**Directions**
Look through the data below and, wherever a line carries the word "Women", please copy that line.

**Data shown**

•••••

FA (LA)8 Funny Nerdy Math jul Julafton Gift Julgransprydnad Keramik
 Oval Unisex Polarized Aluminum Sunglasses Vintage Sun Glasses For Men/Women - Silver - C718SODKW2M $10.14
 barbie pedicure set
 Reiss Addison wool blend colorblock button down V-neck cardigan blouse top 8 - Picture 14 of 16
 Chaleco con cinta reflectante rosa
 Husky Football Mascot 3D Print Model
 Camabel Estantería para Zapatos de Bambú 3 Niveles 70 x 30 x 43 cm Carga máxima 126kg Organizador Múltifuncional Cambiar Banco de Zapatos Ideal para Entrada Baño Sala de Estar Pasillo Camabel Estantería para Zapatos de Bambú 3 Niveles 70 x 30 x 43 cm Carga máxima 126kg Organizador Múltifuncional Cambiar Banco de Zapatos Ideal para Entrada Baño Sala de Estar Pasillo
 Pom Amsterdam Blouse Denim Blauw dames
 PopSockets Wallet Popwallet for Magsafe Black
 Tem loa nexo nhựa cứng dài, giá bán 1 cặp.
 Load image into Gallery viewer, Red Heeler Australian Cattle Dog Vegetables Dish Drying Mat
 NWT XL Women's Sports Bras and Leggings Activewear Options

•••••

**Exercise output**
 Oval Unisex Polarized Aluminum Sunglasses Vintage Sun Glasses For Men/Women - Silver - C718SODKW2M $10.14
 NWT XL Women's Sports Bras and Leggings Activewear Options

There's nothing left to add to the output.